* Problem statement
Write out word for word each line from the top of the material through the line that has "Zara Damen-Cardigan-Pullover UK". Pictures do not go in.

* Given data
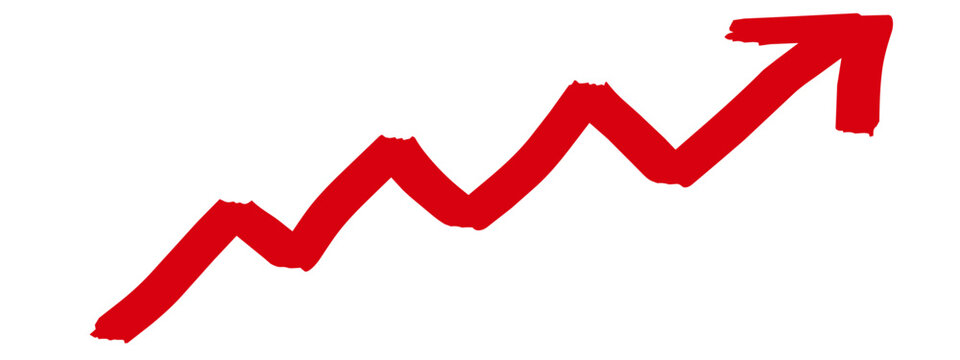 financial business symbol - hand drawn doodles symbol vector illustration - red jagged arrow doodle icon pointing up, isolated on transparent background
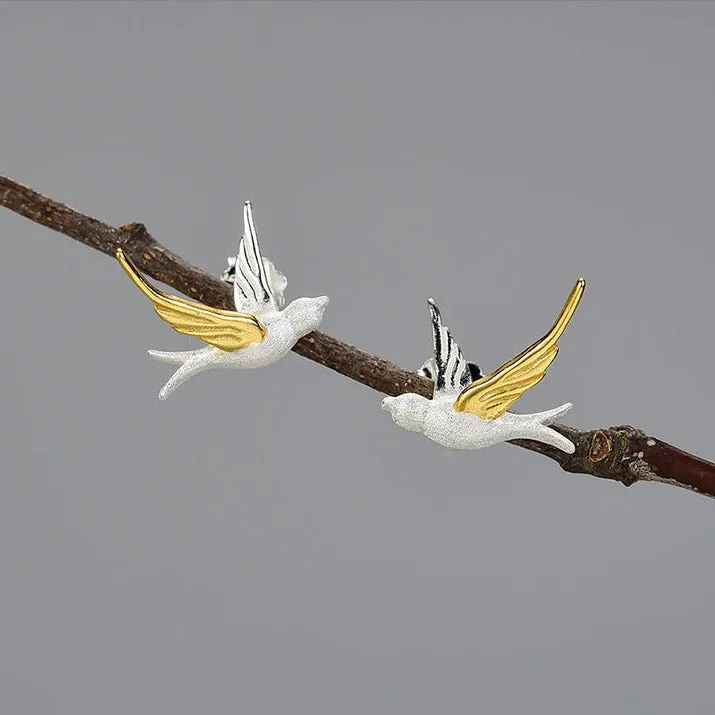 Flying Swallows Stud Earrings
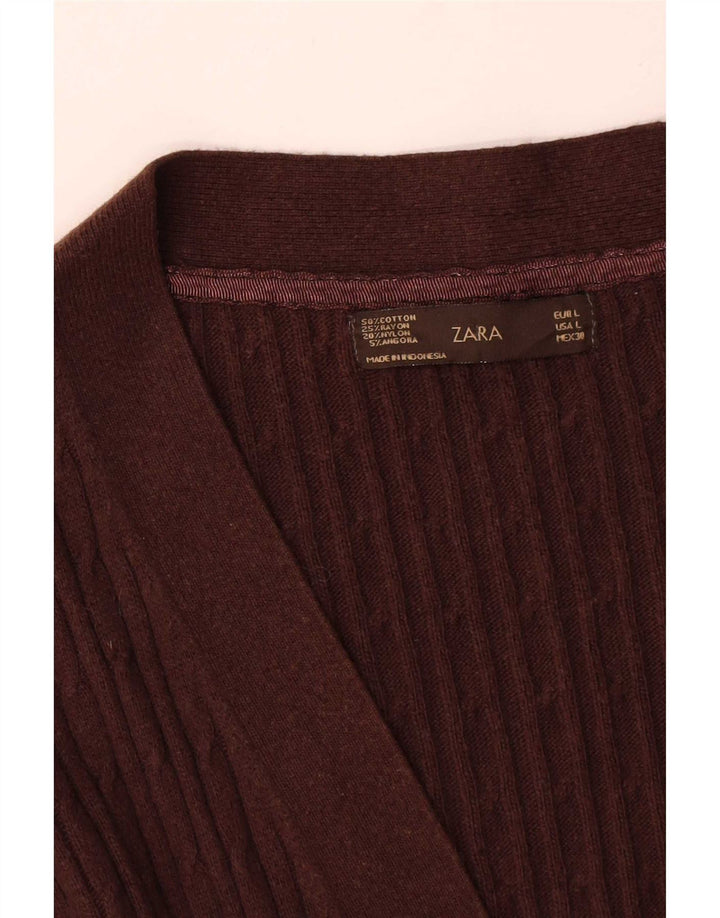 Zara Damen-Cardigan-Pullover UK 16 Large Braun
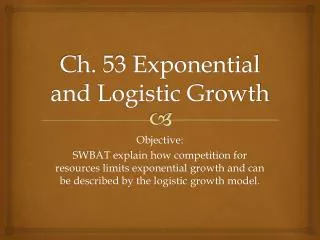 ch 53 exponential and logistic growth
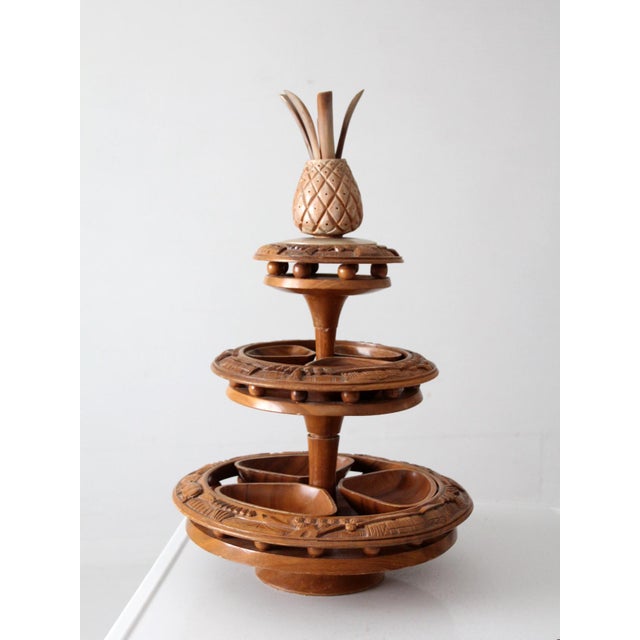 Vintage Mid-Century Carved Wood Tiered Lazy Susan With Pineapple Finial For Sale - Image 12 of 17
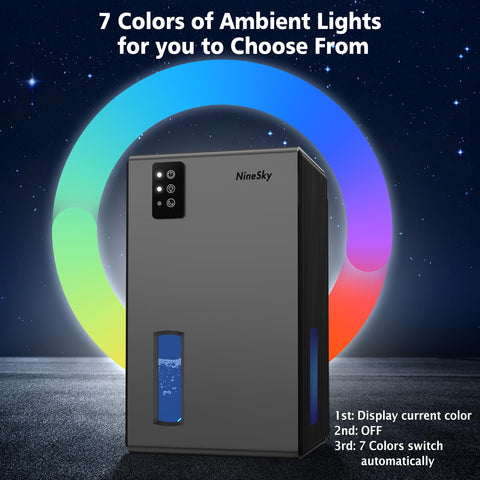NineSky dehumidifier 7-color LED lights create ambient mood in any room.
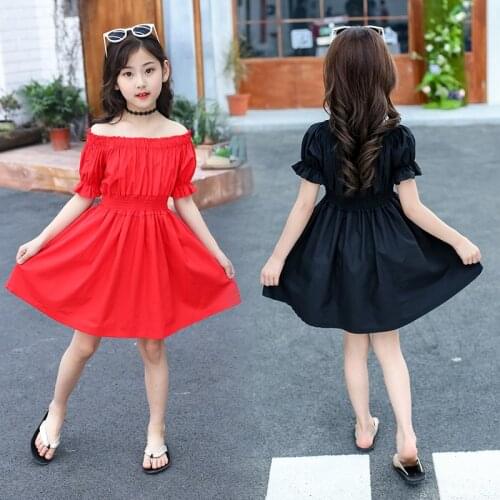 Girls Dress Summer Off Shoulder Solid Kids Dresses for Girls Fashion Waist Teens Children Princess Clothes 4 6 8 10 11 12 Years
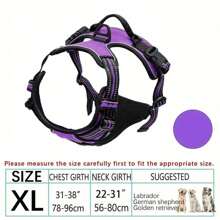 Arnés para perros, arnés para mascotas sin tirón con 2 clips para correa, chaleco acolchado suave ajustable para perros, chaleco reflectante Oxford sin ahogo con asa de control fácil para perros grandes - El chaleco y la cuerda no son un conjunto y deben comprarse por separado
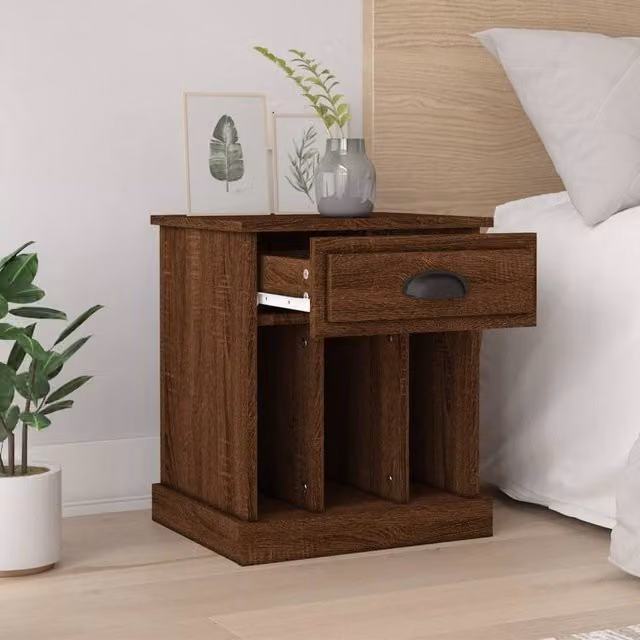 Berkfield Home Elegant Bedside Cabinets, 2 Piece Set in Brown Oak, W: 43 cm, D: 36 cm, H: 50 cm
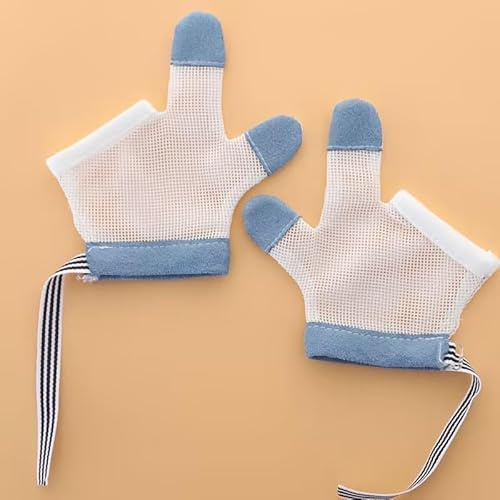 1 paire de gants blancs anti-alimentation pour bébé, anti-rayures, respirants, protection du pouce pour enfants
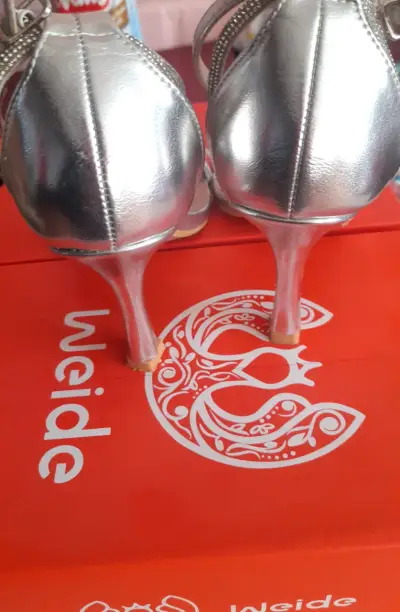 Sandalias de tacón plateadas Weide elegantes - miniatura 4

* Response to this task
 financial business symbol - hand drawn doodles symbol vector illustration - red jagged arrow doodle icon pointing up, isolated on transparent background
 Flying Swallows Stud Earrings
 Zara Damen-Cardigan-Pullover UK 16 Large Braun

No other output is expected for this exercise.